The truth is that the final size and period of a breaking wave is the product of what is happening in up to 1000m of water column. Iv'e been at 200M in large storms and still felt the sub corkscrewing through the water. Off Hawaii where open ocean swells are ramping up from the 1000m to the 100m contour extremely quickly the effect is enormous. Once at 100M we lost 30M in depth in a fraction of a second. I can only describe it as a feeling of underwater turbulence, similar to when a plane drops without warning. What it was was an 'internal wave' within the water column. So if your in 150M of water at 100M and suddenly you loose 30M in depth while you are doing 15 knots and the bottom is lava or basalt...the holes in the swiss cheese start to line up pretty quickly. Anyway so thats why the USN put a lot of work into region specific models that account for every effect down to 1000M in depth, its like crunching an entire global model just for the Hawaiian Islands. When we came in after the internal wave incident I went up to forecasting and the guy there said - "how'd that internal wave treat ya off Hilo?" I asked him how he knew and he lent out and patted an enormous grey box that was basically a stripped down CRAY supercomputer with an Atari sticker on it as a joke and he said "she told me" He had actually forecast it with the model.

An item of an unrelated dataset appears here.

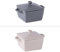 Table Passion - Mini cocotte carré 13 cm en grès (lot de 2)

Side benefit was that this model was the most accurate surf forecasting tool for Hawaii you could ever imagine. I took great pleasure in using US tax payers funds by printing out forecasts before I decided where to go for surf and it was accurate to the inch. An interesting feature was that you could reverse model the size of the surf you were after to see what weather pattern would create it. Like all good US military planning tools it would have a 'bodycount' on the bottom of the screen to show you how severe the storm damage would be to create the surf you were after. I modelled 30, 50, 100 and even 1000 year storm events on the North Shore. The 1000 year storm event created 60 foot waves at Pipeline and forecasted 120 feet waves cresting at Waimea before 'breaking down' due to surface tension. Unfortunately in that model, most of the population of Haleiwa didnt make it. :?
Anyway, there are a lot of good forecasters on this site, you included but my point is that from experience, with larges storm events in the Tasman, often the total bathymetry can put a very substantial wobble into the final size of nearshore waves in NSW, particularly in swells with a strong southerly vector. These swells have to navigate around and between a very complex connection of sub surface features that stretch all the way from the Lord Howe Rise to Eastern Victoria and to my knowledge there is no known model that takes due account of all of this for the Australian station
, you just have to apply it's effect as a fudge factor based on experience.